Ironically, the most beautiful experiences in life are oftentimes birthed from pain, suffering, and something perhaps that we would initially consider ugly or unreasonable. If you have ever spent time with someone who is nearing death, you may have witnessed what I am speaking about here. It’s the letting go that leads us home to each other and empowers us to replace discrimination with participative mercy. Again, we have the image of the Body of Christ that feeds us – our selves as community.
Interestingly, in the Gospel story today (JN 10: 11-18), we have the image of Christ as the Good Shepherd, who provides care and protection by laying down his life for his sheep.
I am the good shepherd,
and I know mine and mine know me,
just as the Father knows me and I know the Father;
and I will lay down my life for the sheep.
I have other sheep that do not belong to this fold.
These also I must lead, and they will hear my voice,
and there will be one flock, one shepherd.

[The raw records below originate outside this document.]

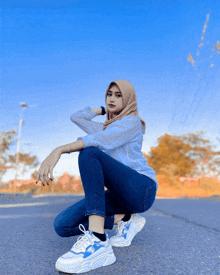 a woman wearing a hijab is squatting on the ground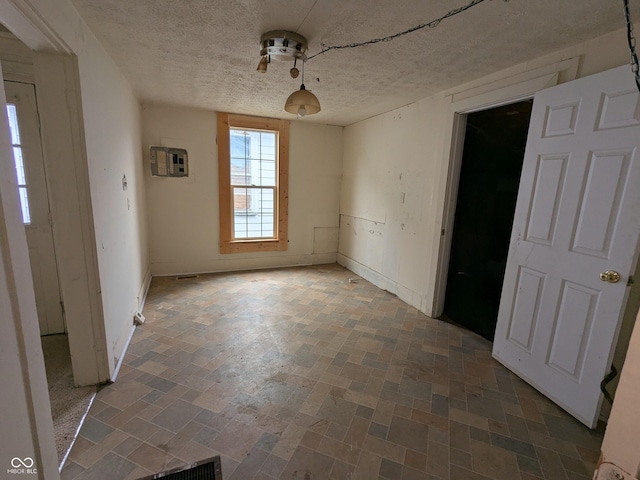 347 E Mechanic St E, Shelbyville, IN 46176 - unfurnished dining area with a textured ceiling and baseboards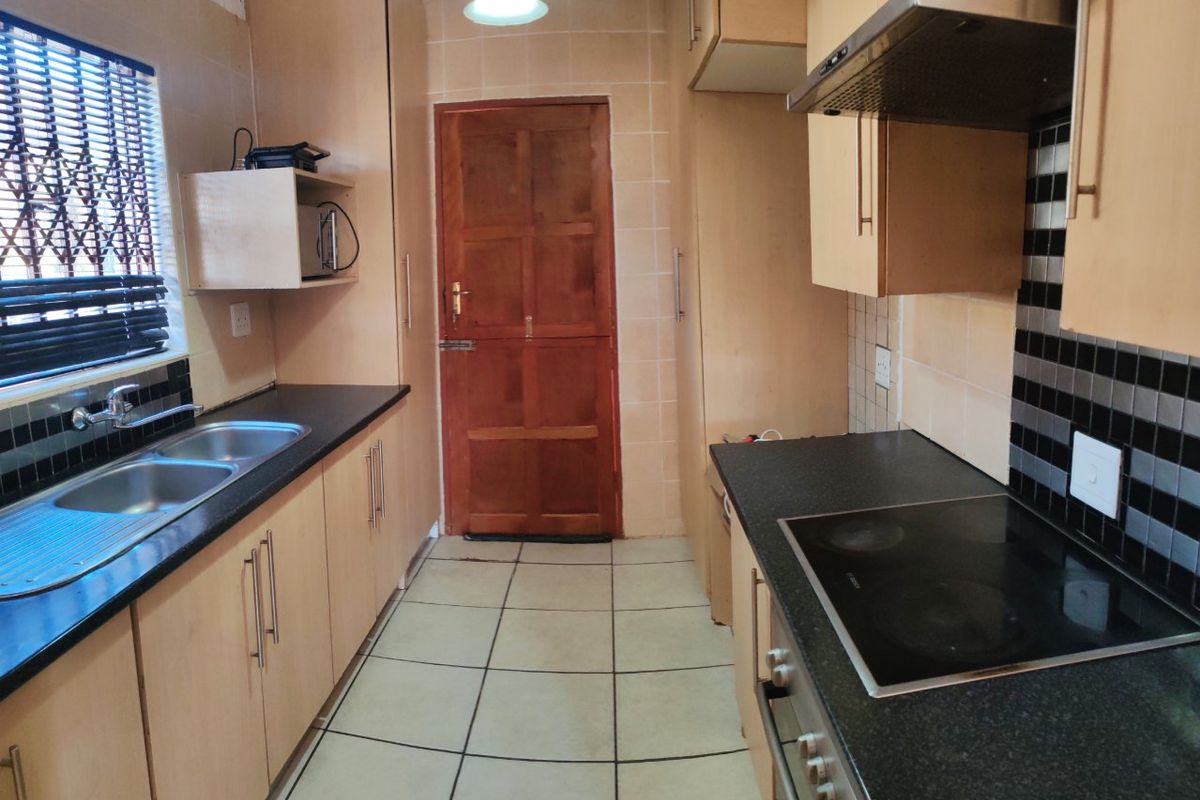 Functional galley-style kitchen featuring laminate cabinetry, black granite countertops, integrated electric hob, oven, and extractor fan with tiled flooring and backsplash.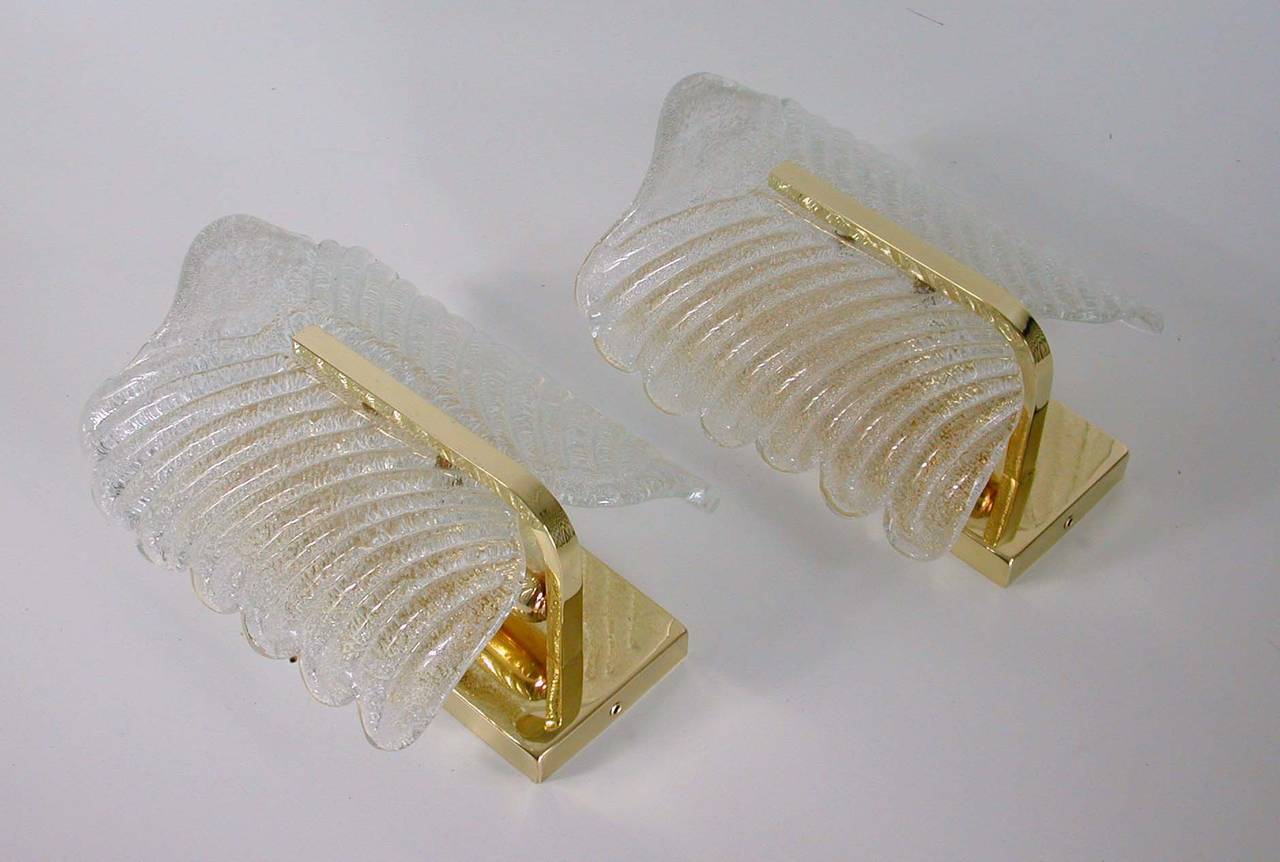 Awesome pair of textured Murano ice glass and brass sconces.
Both suitable for US use. They require a E17 screw on bulb each.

I love the image of Christ as the Shepherd who lies on the ground across the opening in the hilled-in areas where the sheep can rest peacefully within. But it is important that there is a mention of ‘other’ sheep, whom Christ must also lead. This makes the protective image of Christ as a gate also an invitation and even a requirement for inclusive unity. This is the way of the Holy Spirit, both caring and inclusive. This same care and openness is given to us through the spirit to pervade our hearts and minds so that we can, not so much look beyond differences, but actually look into them, invite them in, celebrate them, let them speak to us and bring out the graceful and specific giftedness of everyone in a way that would otherwise be unimaginable.
The tapestry dropped down from heaven before Peter’s eyes becomes present in the strangers who became his companions in the sharing of the Holy Spirit. This is the way in, the Christ opening or gate where the only strangers that can harm us are those attitudes of death that trample the precious uniqueness that always returns in the Spring and blooms in our gardens of Mercy!